**WORK REQUIRED:** Set down the records once more, please, exactly and with the pictures left out.
════════════════════
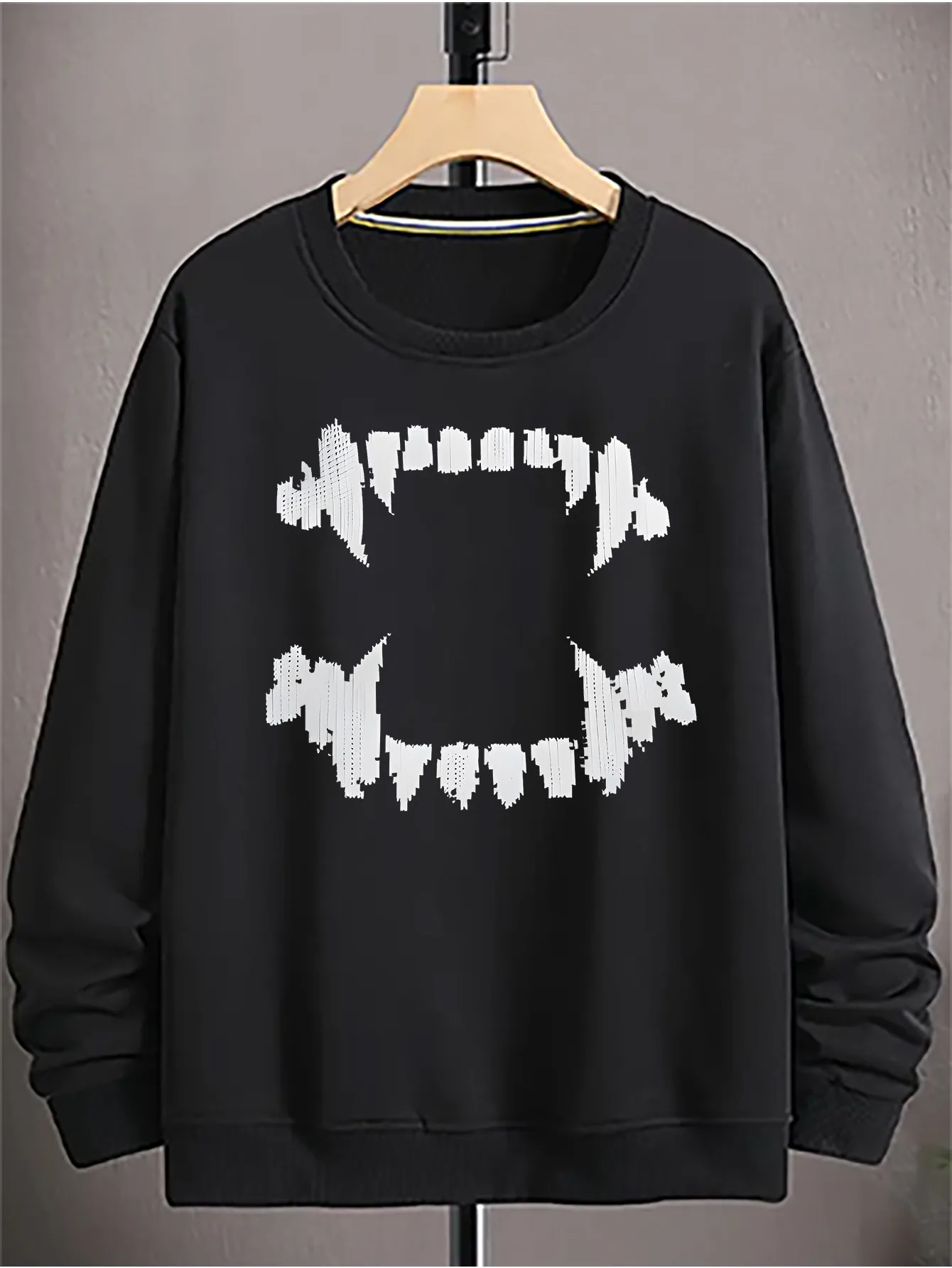 Simple ivory print. Simple and basic round-neck sweater, casual, fashionable and versatile for commuting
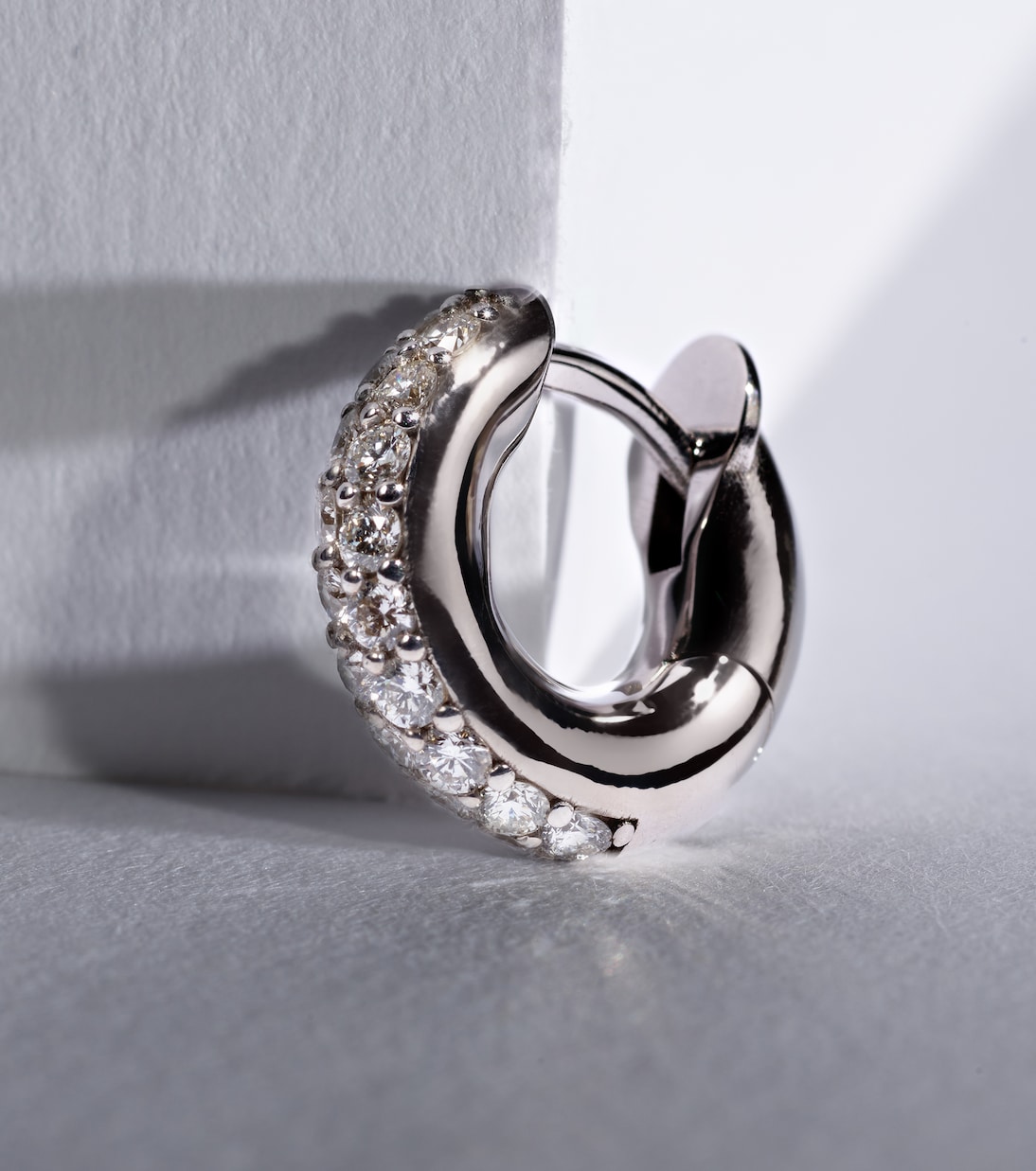 Orecchino singolo Macro Hoop Mini in oro bianco 18kt con diamanti | Spinelli Kilcollin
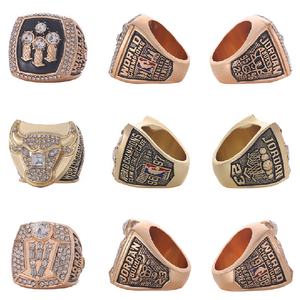 Lot de 6 bagues de championnat de la franchise de basket-ball des <span class=keywords><strong>Chicago</strong></span> <span class=keywords><strong>Bulls</strong></span>, bijoux fantaisie en alliage, vente en gros, directement de l'usine, livraison transfrontalière - Product Image 4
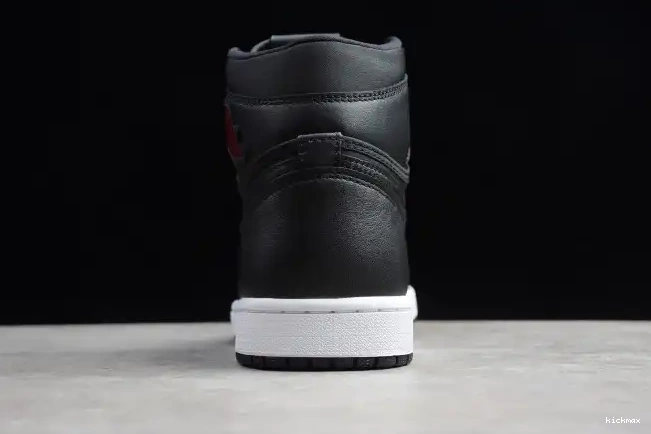 Cheap Satin Black 555088-060 Air 1 Retro High OG Jordan 0509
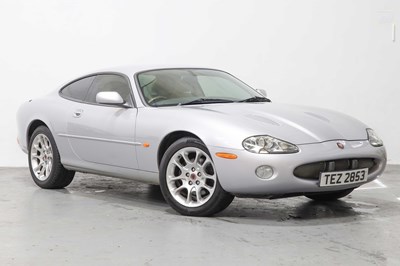 Lot 112 - 2001 Jaguar XKR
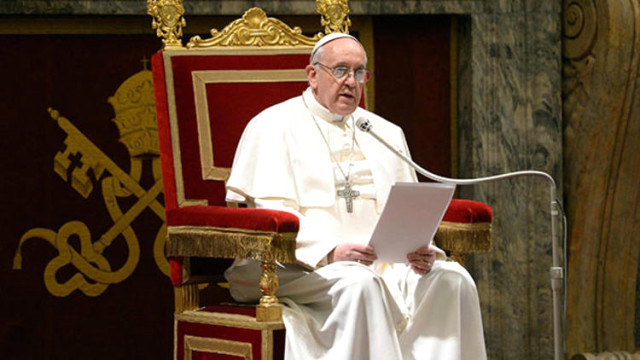 Papa Francis, Çocuklara Cinsel İstirmarda Bulunan İki Başpiskoposu Meslekten Men Etti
════════════════════
**OUTPUT FOR THIS TASK:**
 Simple ivory print. Simple and basic round-neck sweater, casual, fashionable and versatile for commuting
 Orecchino singolo Macro Hoop Mini in oro bianco 18kt con diamanti | Spinelli Kilcollin
 Lot de 6 bagues de championnat de la franchise de basket-ball des <span class=keywords><strong>Chicago</strong></span> <span class=keywords><strong>Bulls</strong></span>, bijoux fantaisie en alliage, vente en gros, directement de l'usine, livraison transfrontalière - Product Image 4
 Cheap Satin Black 555088-060 Air 1 Retro High OG Jordan 0509
 Lot 112 - 2001 Jaguar XKR
 Papa Francis, Çocuklara Cinsel İstirmarda Bulunan İki Başpiskoposu Meslekten Men Etti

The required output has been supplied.